(Information provided begins)
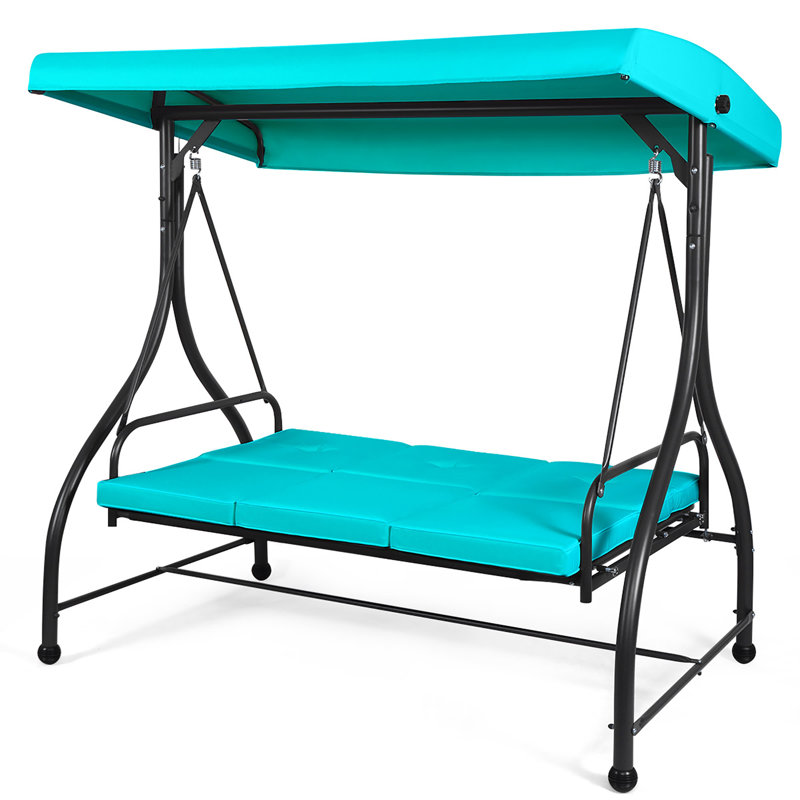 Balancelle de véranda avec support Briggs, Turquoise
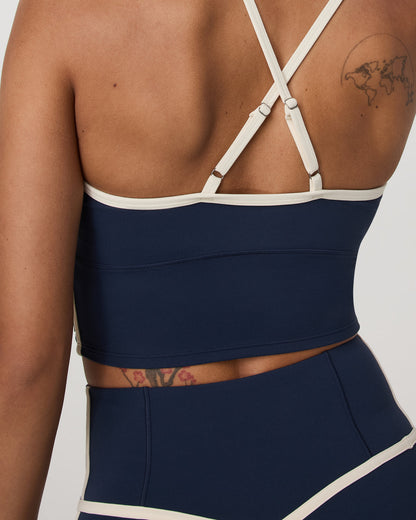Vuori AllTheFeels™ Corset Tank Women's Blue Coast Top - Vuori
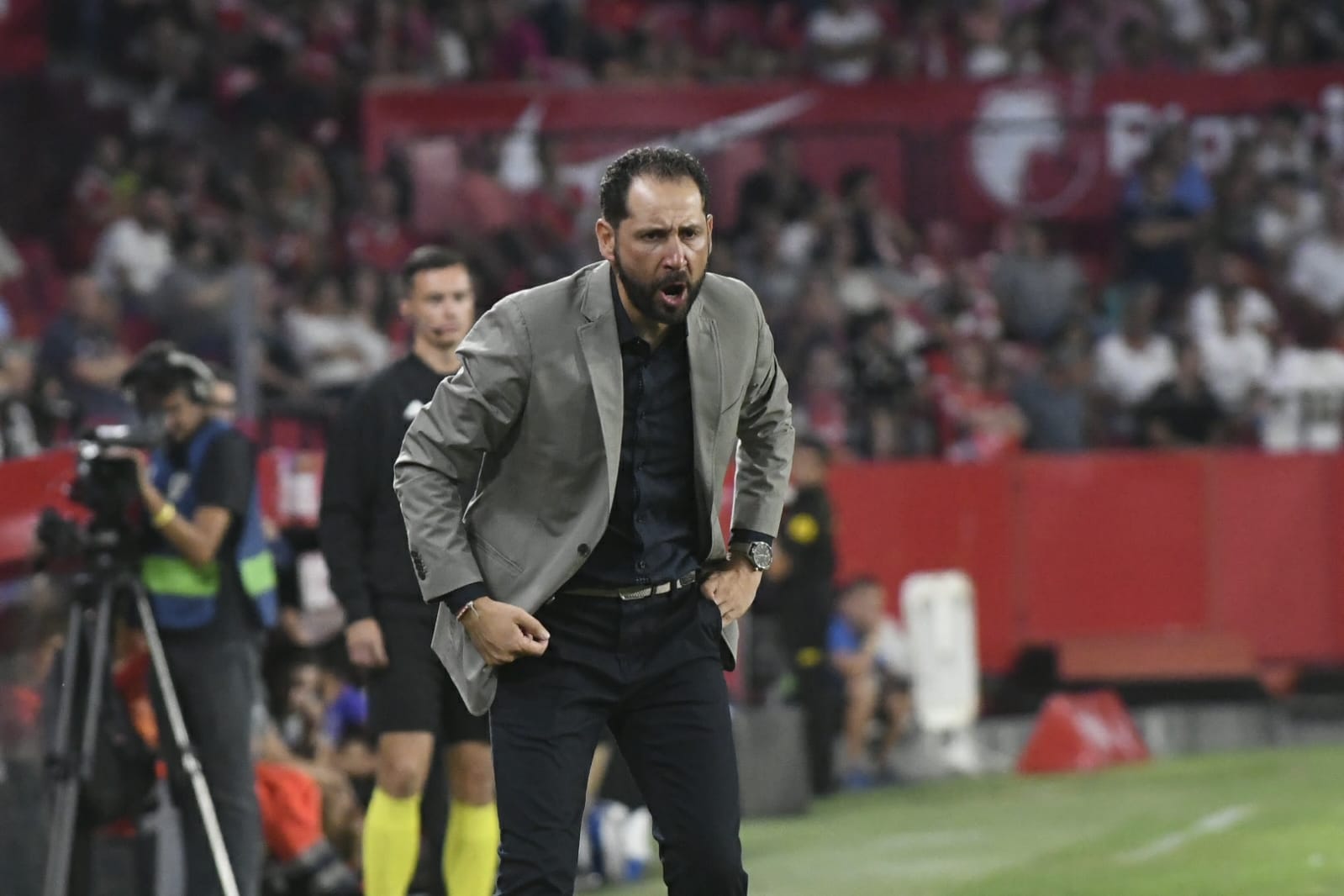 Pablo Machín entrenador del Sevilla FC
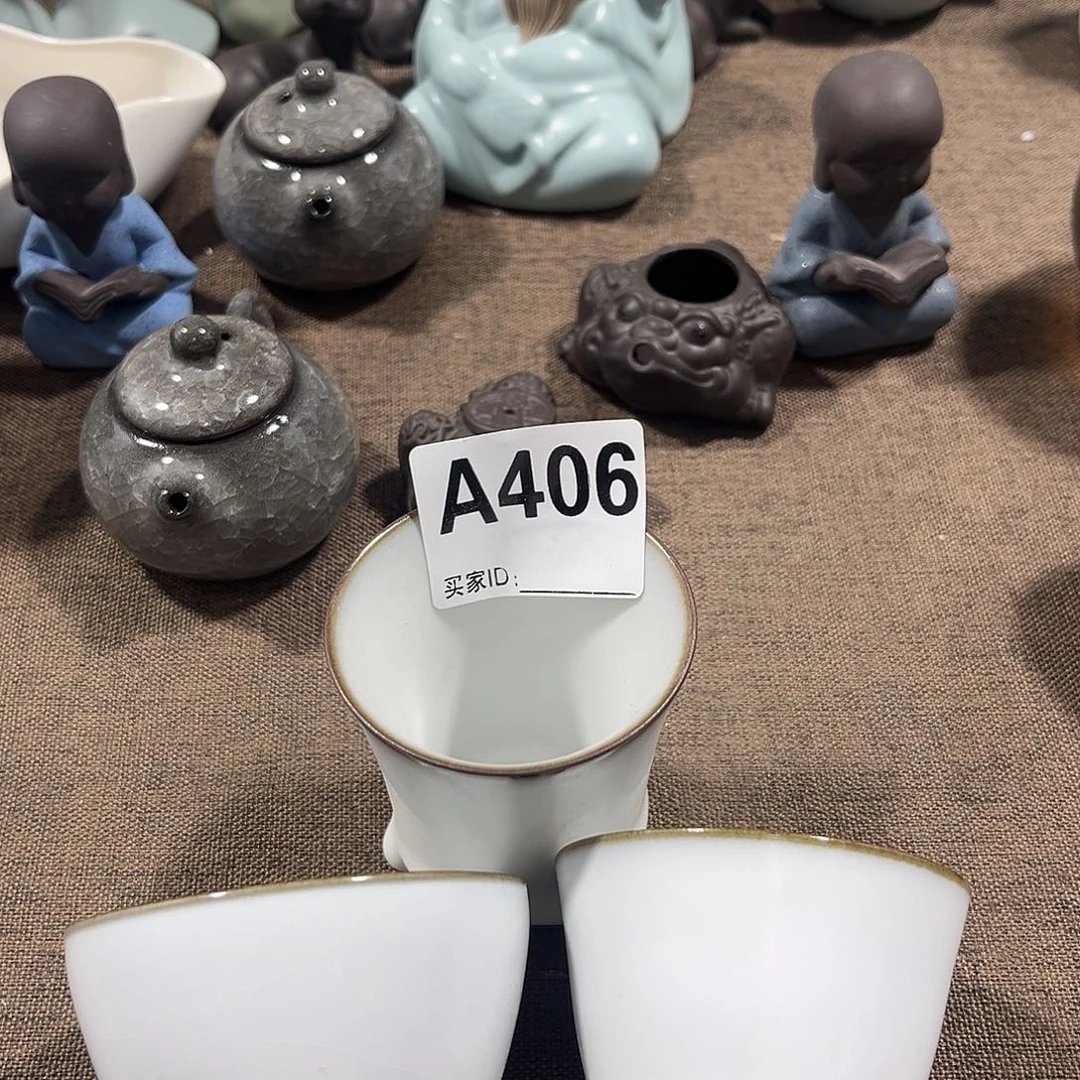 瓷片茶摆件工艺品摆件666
(Information provided ends)
* **Instructions for the task**
Pictures are to be omitted. Print exactly the lines from the line containing "Pablo Machín entrenador del Sevilla FC" through the final line of the material above, both included.

* **Answer below**
 Pablo Machín entrenador del Sevilla FC
 瓷片茶摆件工艺品摆件666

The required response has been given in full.